◆ **WHAT YOU NEED TO DO**:
Find the line that holds "وعكة صحية تنقل والد أحمد العوضي إلى المستشفى" in the material below. Output that line and each one after it exactly, but not the pictures.
SUPPLIED INFORMATION Block Start
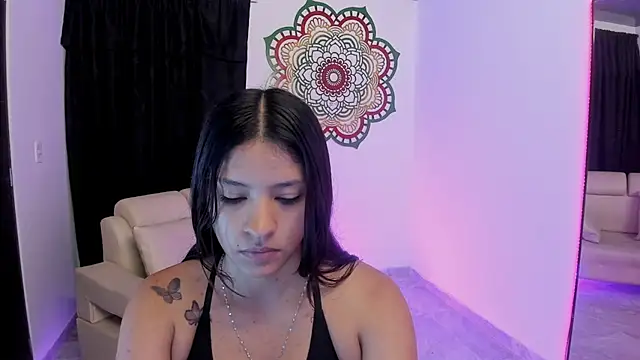 Candy fox 19 online show from March 2026 01:28:01 PM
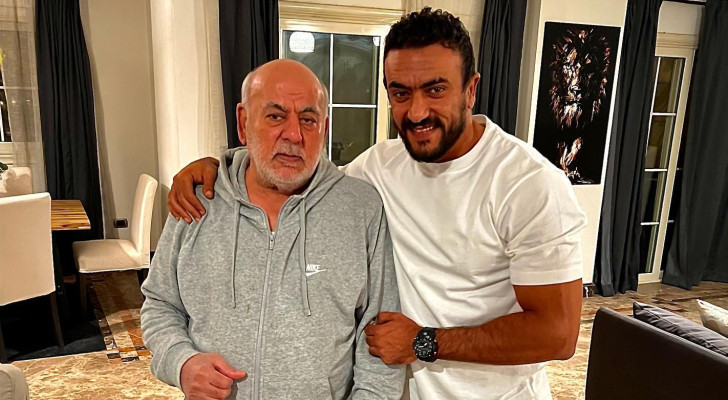 وعكة صحية تنقل والد أحمد العوضي إلى المستشفى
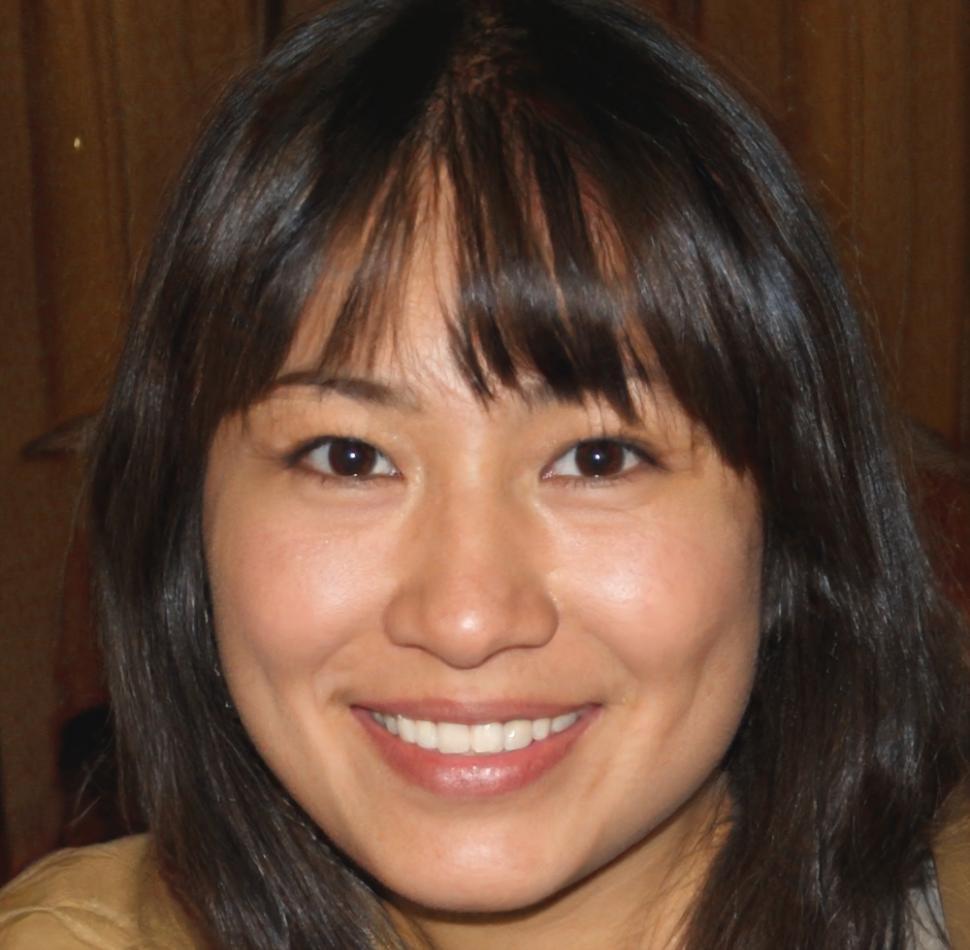 Porträt von Klara Steinbach, Finanzberaterin mit Schwerpunkt Vermögensaufbau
SUPPLIED INFORMATION Block End
◆ **TASK SOLUTION**:
 وعكة صحية تنقل والد أحمد العوضي إلى المستشفى
 Porträt von Klara Steinbach, Finanzberaterin mit Schwerpunkt Vermögensaufbau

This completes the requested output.